↓↓↓

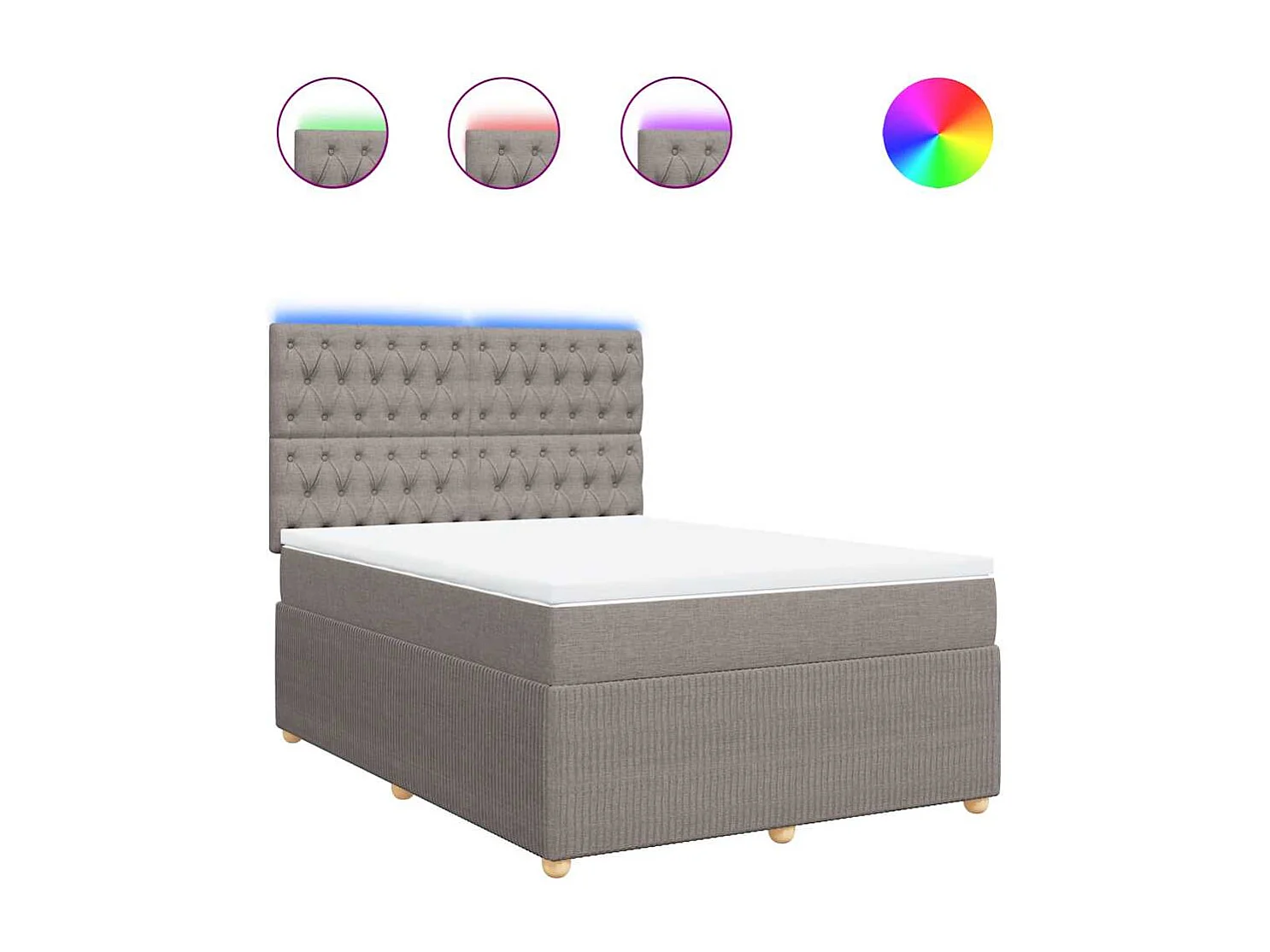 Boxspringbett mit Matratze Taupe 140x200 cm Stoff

↑↑↑
↓↓↓

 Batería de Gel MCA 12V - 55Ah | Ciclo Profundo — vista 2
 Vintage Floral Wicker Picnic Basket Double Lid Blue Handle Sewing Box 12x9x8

↑↑↑
↓↓↓

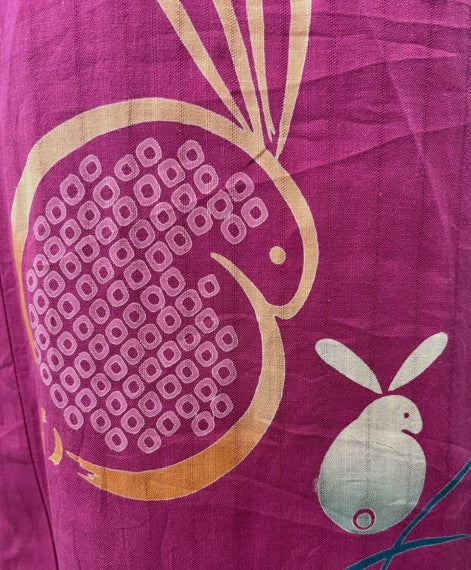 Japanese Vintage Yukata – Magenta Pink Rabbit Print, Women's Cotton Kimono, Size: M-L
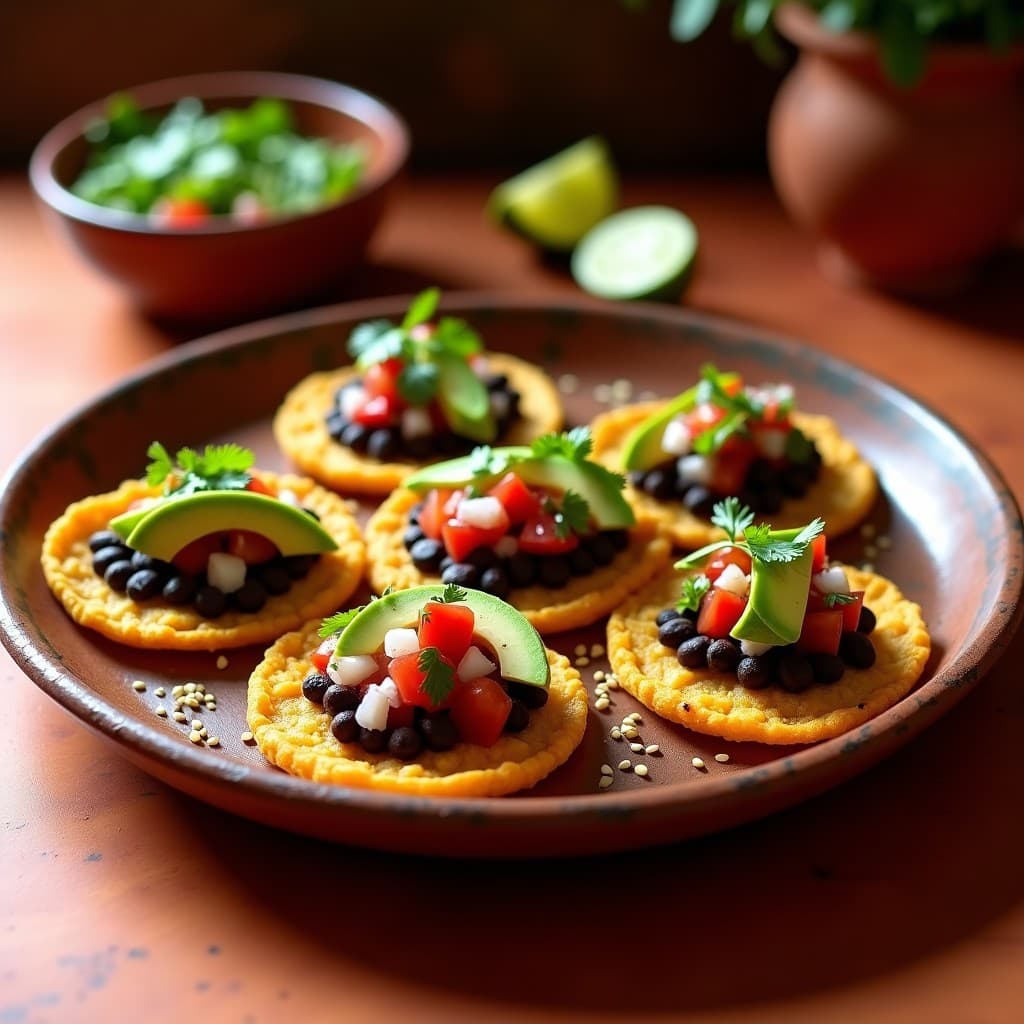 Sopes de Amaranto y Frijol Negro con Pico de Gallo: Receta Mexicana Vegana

↑↑↑

- Try it: Find the line with "Batería de Gel" in the material above. Reproduce it and each line after it up to and including the line with "Vintage Floral Wicker".

- Response below:
 Batería de Gel MCA 12V - 55Ah | Ciclo Profundo — vista 2
 Vintage Floral Wicker Picnic Basket Double Lid Blue Handle Sewing Box 12x9x8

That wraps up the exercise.